Nothing but the lines from the one containing "ネイル ストーンネイル ハンドネイル NailSalon CREAのネイルデザイン" through the last line of the records belongs in the answer, copied exactly and with the pictures left out.

■ **DATA EXTRACTS**
◆ ◆ ◆ ◆ ◆

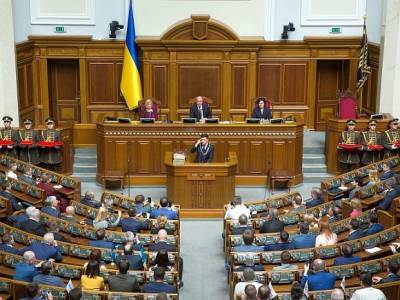 На Украине хотят прекратить любые дипломатические отношения с Белоруссией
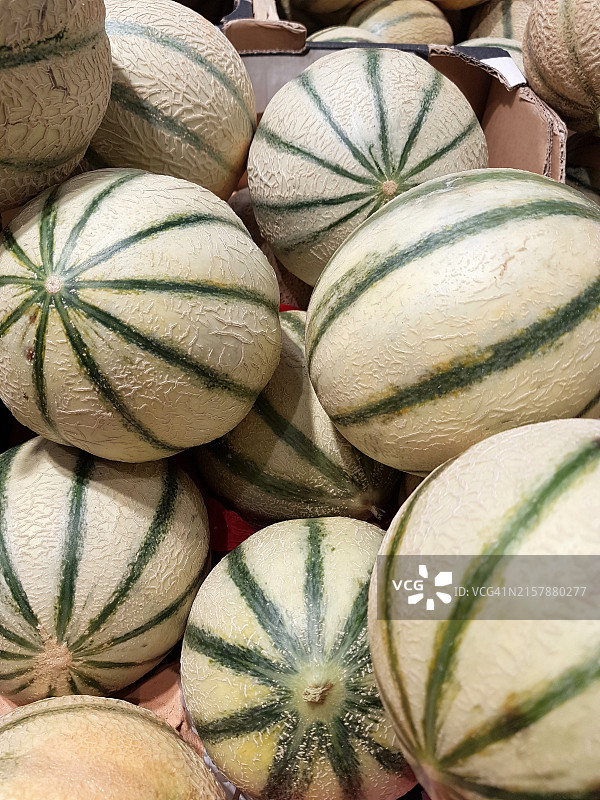 市场上成熟的甜瓜，竖版图片素材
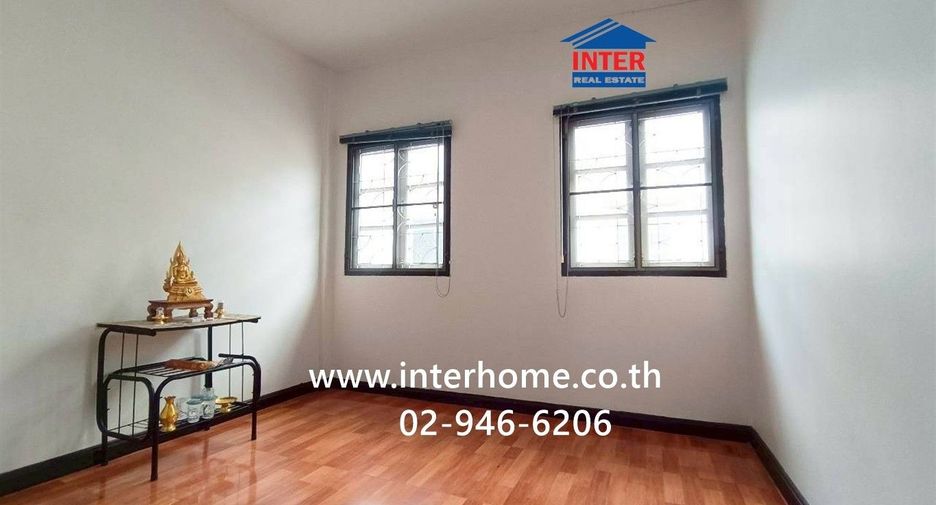 For sale 3 bedrooms townhouse in Din Daeng, Bangkok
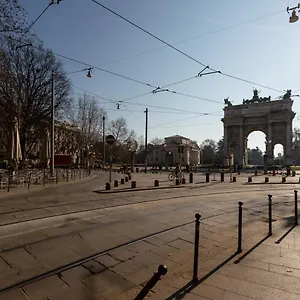 Arch Of Peace Lovely Flat Milan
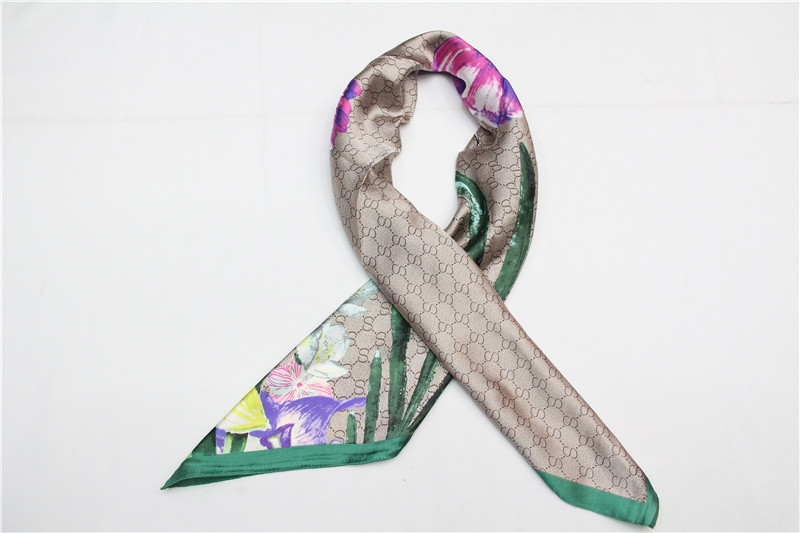 2018 New Chain Twill Silk Square Scarf With Scarves Fashion Scarf Women's Multi-Functional Sun Protection Cape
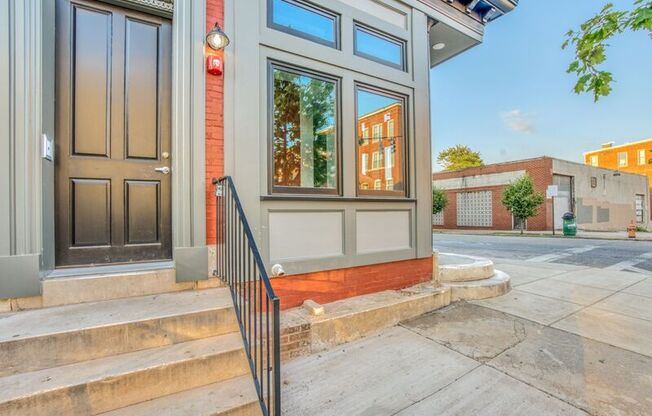 226 E Lafayette Ave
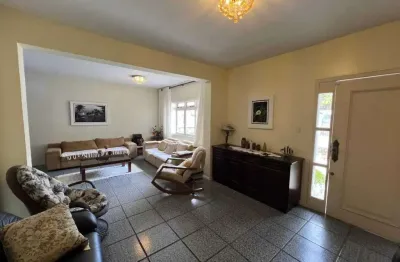 Casa com 4 suites no coração do estreito, com vista mar.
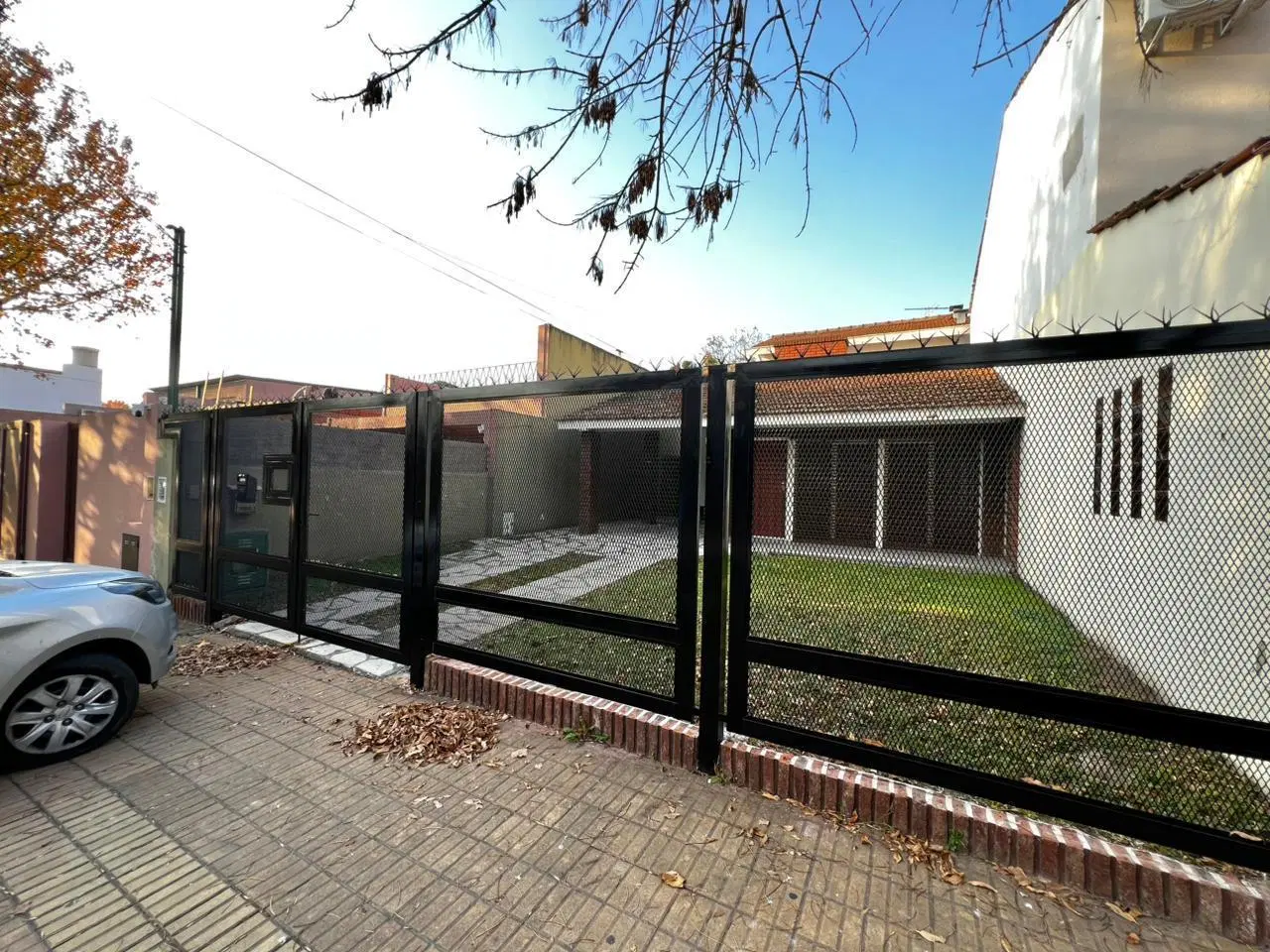 Casa 5 ambientes en venta en Martínez 1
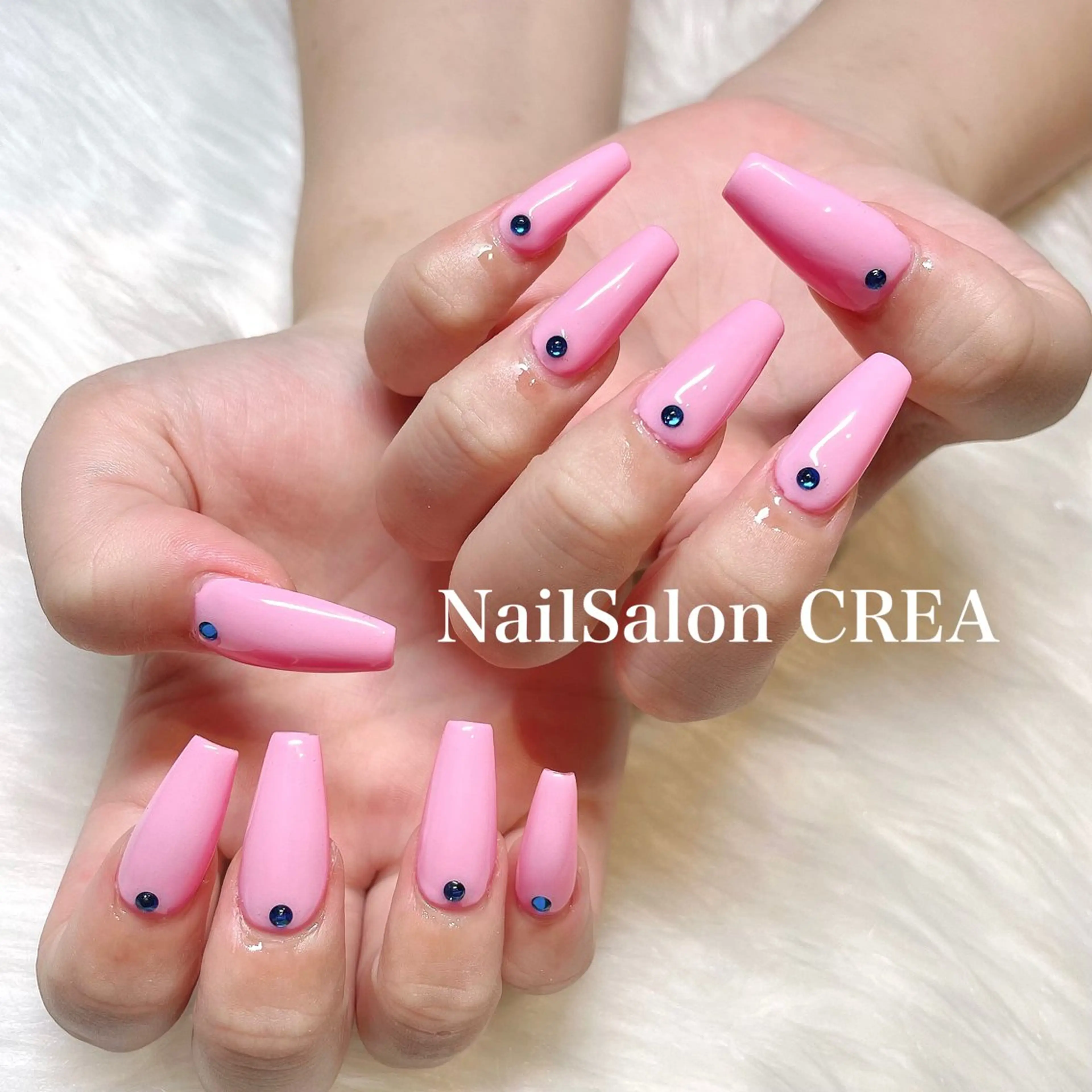 ネイル ストーンネイル ハンドネイル NailSalon CREAのネイルデザイン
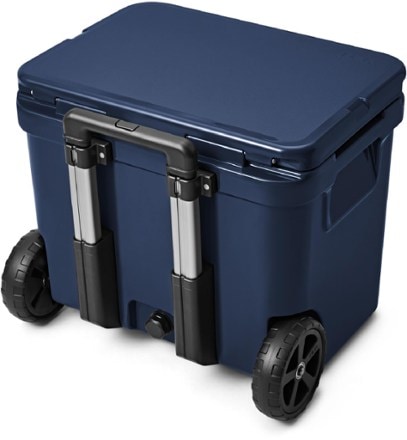 YETI Roadie 60 Wheeled Cooler 5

◆ ◆ ◆ ◆ ◆

■ **EXERCISE ANSWER**
 ネイル ストーンネイル ハンドネイル NailSalon CREAのネイルデザイン
 YETI Roadie 60 Wheeled Cooler 5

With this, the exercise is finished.